That kind of passion speaks volumes. And it did for me.
Over 200 THOUSAND people attending a pro-life rally in Washington, D.C. every January on the anniversary of Roe v. Wade? How come I had never heard of that before? I was stunned!
Plus there was so much more. The pro-choice side focused on one thing: abortion. That wasn't true on the pro-life side. This side of the coin focuses on so much more and it all goes hand in hand: euthanasia, the death penalty, and much more. All those issues along with fighting for the rights of children to be born were like different pieces of a puzzle that all fit together to make a whole. It gave more meaning and depth to the pro-life movement.
What impressed me was that no one had to sit me down and try to convince me of their side. Just listening and witnessing the passion for this issue was all I needed to get my wheels spinning and start reconsidering my convictions. Actions really do speak louder than words. And then you find out more:
Norma McCorvey, aka Jane Roe, converted to Catholicism and now fights for the repeal of the law for which she is named.
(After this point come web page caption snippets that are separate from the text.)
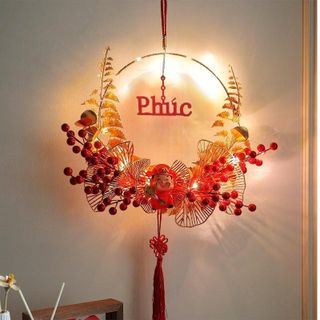 Vòng hoa đào đông tài lộc vượng khí, vòng hoa treo cửa may mắn trang trí ngày Tết Trang Trí Nhà Treo Tường Sức khỏe Giàu có Decor Decor Phòng Phòng Khách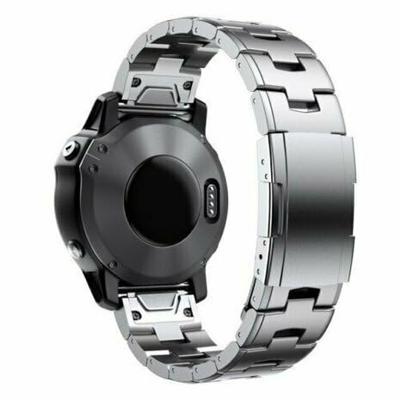 By Qubix - Titanium schakelband - Zilver - Compatible met Garmin Approach S60 & S62 / Instinct/Instinct 2 (Solar) - Compatible Garmin bandje - Bandbreedte: 22mm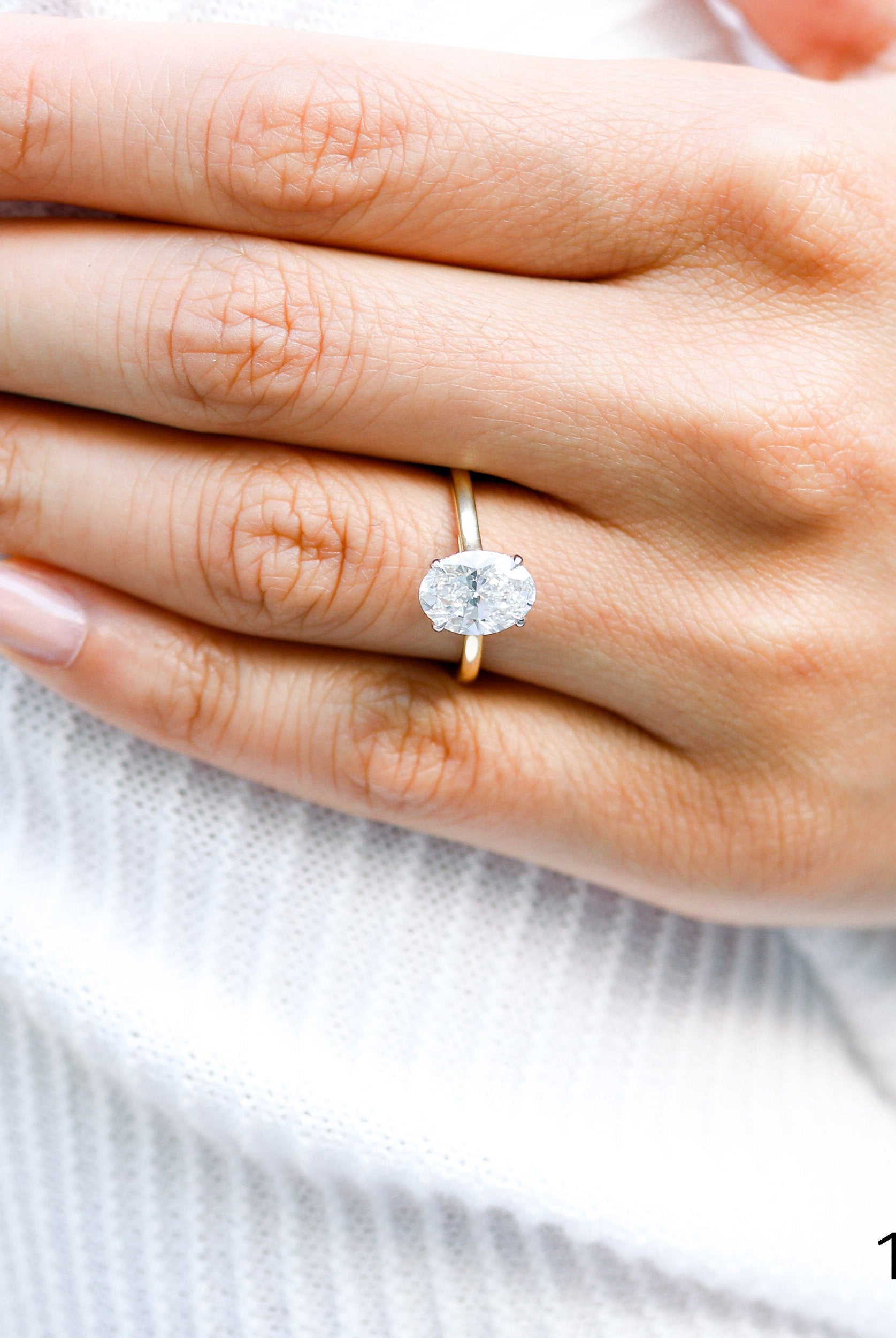 1.75ct Oval Cathedral Set Moissanite Diamond Solitaire Engagement Ring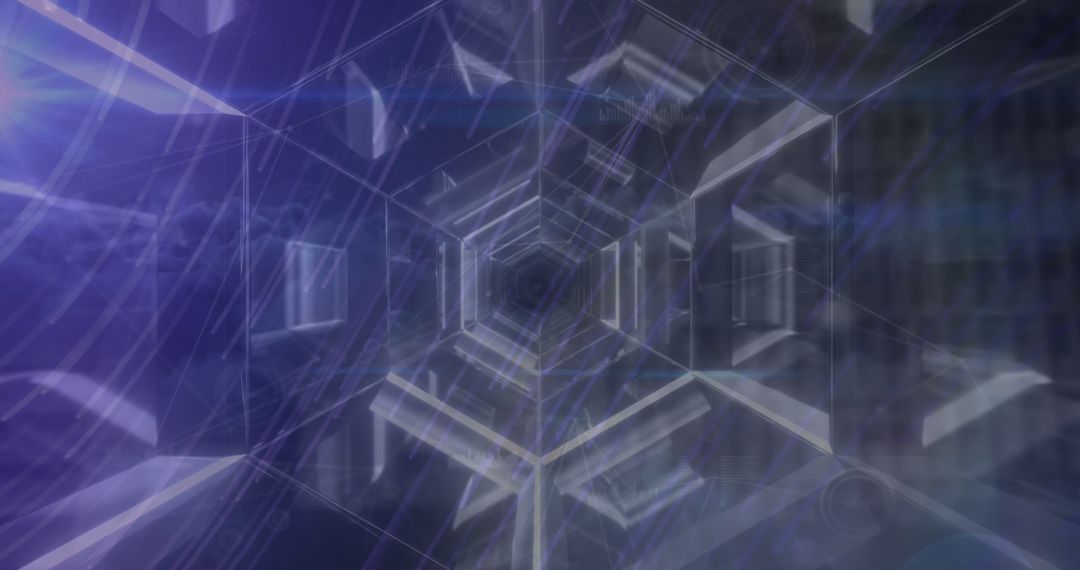 Futuristic Digital Tunnel with Global Data Connections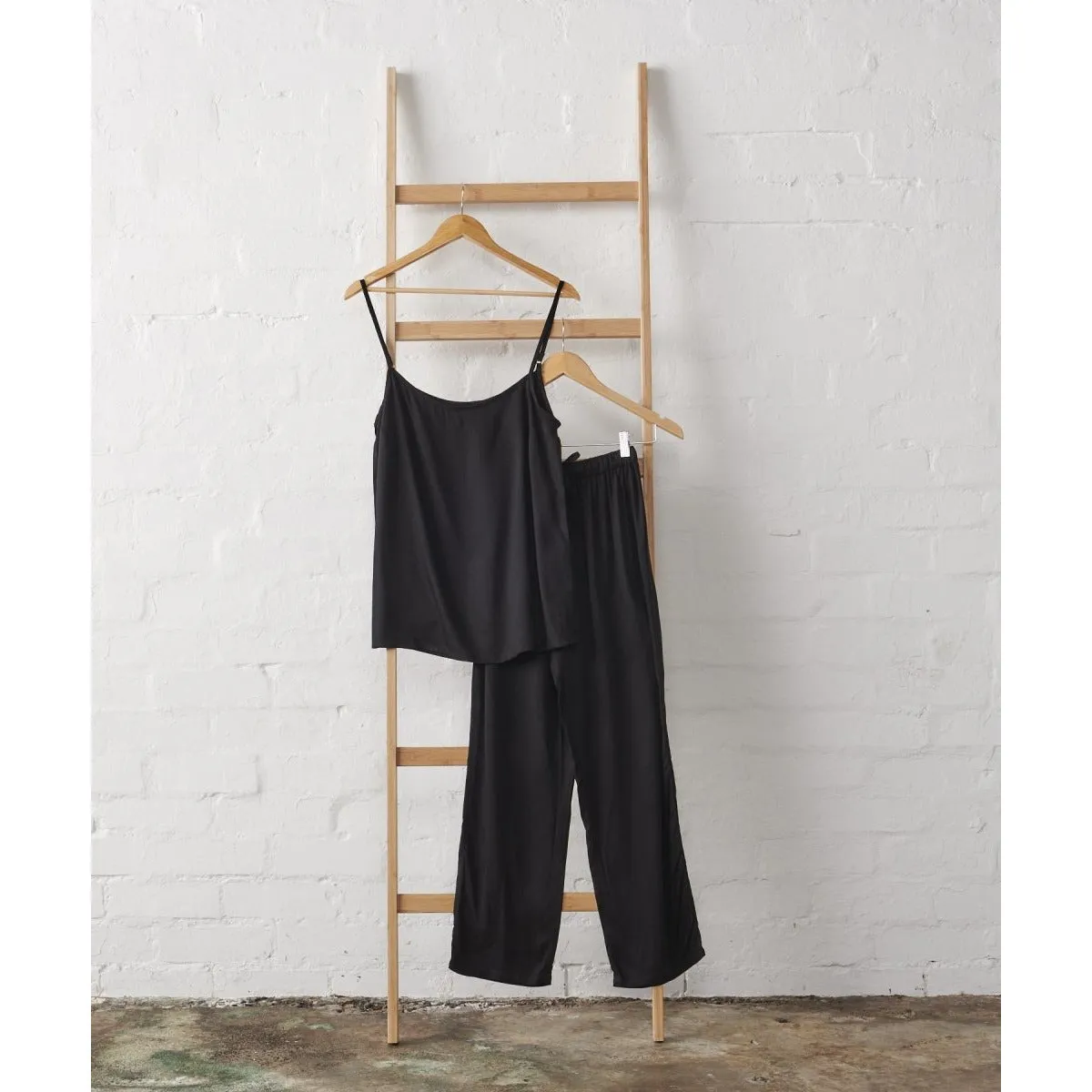 Linen Cami and Pant PJ Set - Black | Jade and May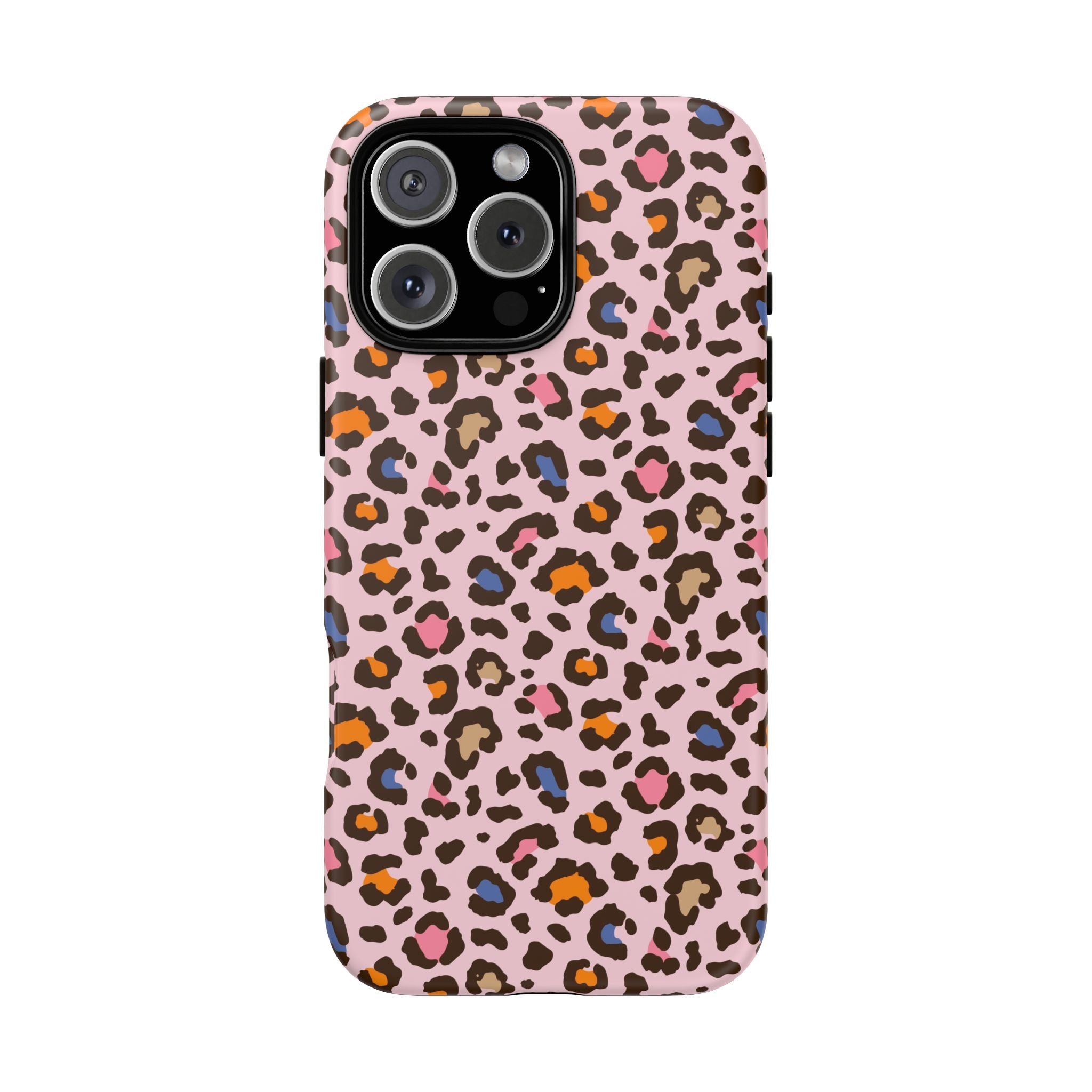 Pink Leopard Print Tough Phone Case — Durable Protective iPhone Cover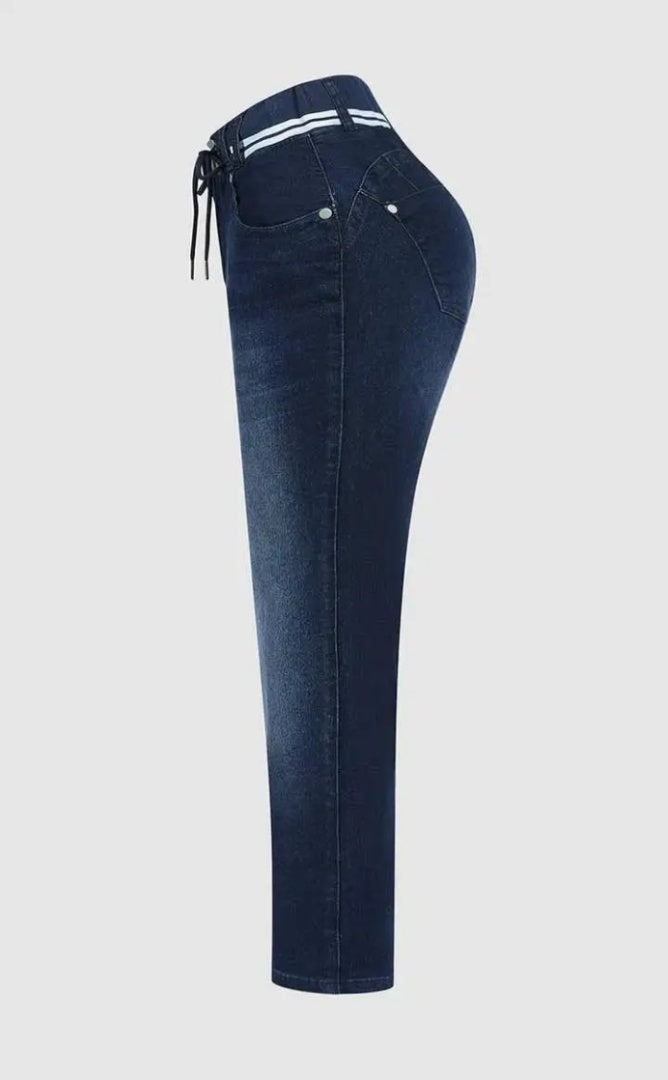 Athleisure Style Skinny Jeans For Women, Mid-Rise Pull-On Denim With A Sporty Drawstring Waist, Butt-Lifting Dark Wash Jeggings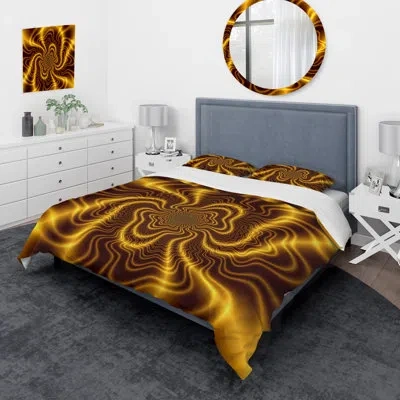 Design Art Yellow Transcendent Glowing Spiral - Modern Duvet Cover Set - Microfiber Polyester In Gold,black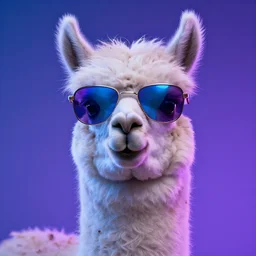 a llama wearing shiny sunglasses by greg rutkowski, blue and purle lighting, digital art, ultra realistic, ultra detailed, photorealistic, 4k, character concept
Dr. Bernard Nathanson, co-founder of NARAL, became pro-life and spent the rest of his life fighting for the rights of the unborn.
These are just two examples of many, many more. I started wondering what convinced these people, people who had a profound impact on current law, to completely change their tunes and fight on with the pro-life movement.
And they had a passion for it. That was obvious. You have to have a passion for it to give up friends and family to fight for something you believe in. Plus, in all my reading of liberal, pro-women magazines and other literature I had never once ran across anyone who converted to the pro-choice side after being well-known, passionate pro-lifers. Why did it always seem to be one way and not the other?
At this point in my journey I was definitely on the road to conversion myself. I could no longer call myself pro-choice, but I was still hesitant to call myself pro-life. I appreciated the passion I saw for the rights of the unborn, but I wasn't ready to attend a rally myself yet. I needed more convincing.